Whenever possible, make reducing your debt a priority. It will reduce or eliminate the interest rate you pay on your outstanding debt balances. And wiping out debt and interest payments will leave you more money in your monthly budget to spend. Heavy debt, especially if you miss payments, could lower your credit score. A low score could affect your ability to borrow money for a home, among other goals.
- Tip - Set Joint-Goals: Budgeting as a couple can often lead to more over-spending, if you are both earning, and your combined incomes add up to more than your needs. Take care that before you adjust spending to match the higher income that you set some savings goals together, perhaps starting off more aggressively to tackle things you may have previously found tough to save for when it was just your income.
- Tip - Got student loans? Discuss the repayment plan. Will each partner contribute toward repaying the loan of one spouse, or will it be up to the person who incurred the debt to repay it? Student loans can be a drain on joint finances and a source of tension if not discussed beforehand.

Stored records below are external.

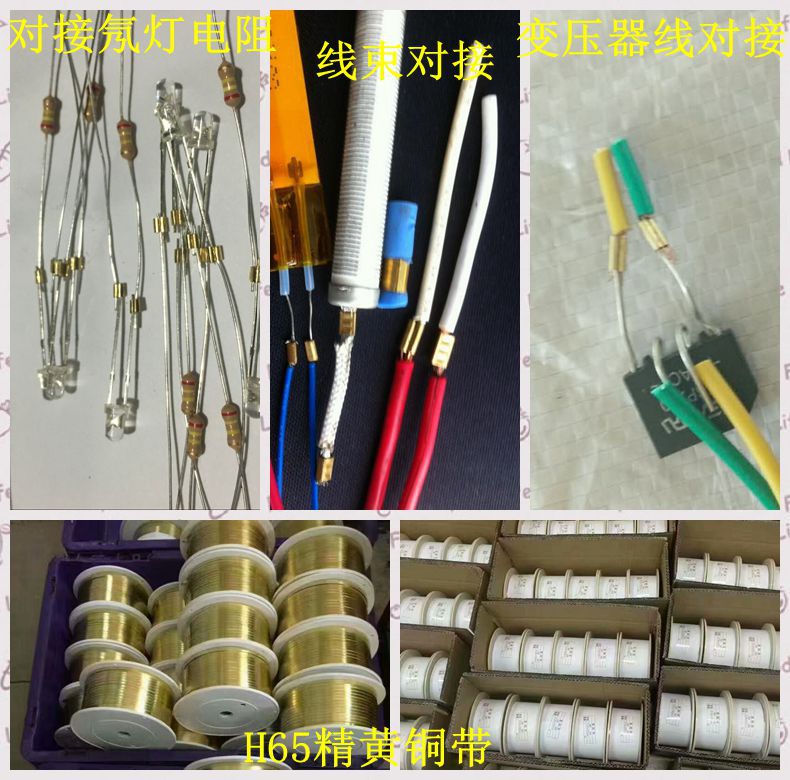 閾滄墸鏍峰搧涓庨摐甯?鎷煎浘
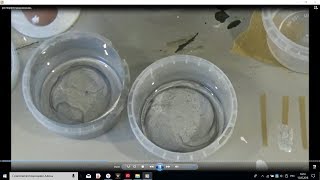 видео: Миф в который верят многие. База и раствор, для новичков. Часть 1. картинка: Миф в который верят многие. База и раствор, для новичков. Часть 1.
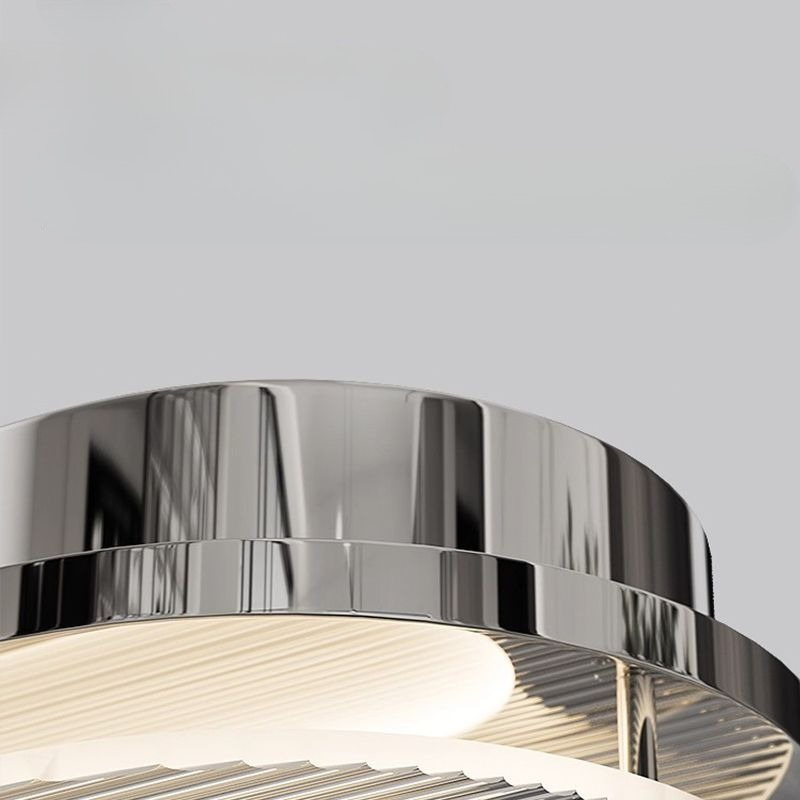 Modern Bauhaus Designer Nordic - Interior Design Hall のレビューと価格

Step 5. Put your plan in action, set money dates & check-in
You’ve talked. You’ve talked some more. You’ve run the numbers. And now you have a plan. It’s time to decide who will be the primary bookkeeper, so that you can ensure all bills get paid on time and that accounts don’t become overdrawn. However, make sure that the non-bookkeeping partner is kept informed of what’s going on.
Consider setting a monthly or quarterly money date where you review the budget to see what went well, what went wrong and see if you need to make adjustments. It’s also a good time to discuss any upcoming expenses such as vacations, holidays or home repairs needed.
- Tip- Don’t be afraid to ask for help: You’re likely going to have questions or hurdles along the way, and your local CPA is a great resource. They can help identify ways to improve and let you know if you’re headed in the right direction, in addition to providing expert guidance when it comes to more technical steps, like combining or sharing accounts, estate planning, etc.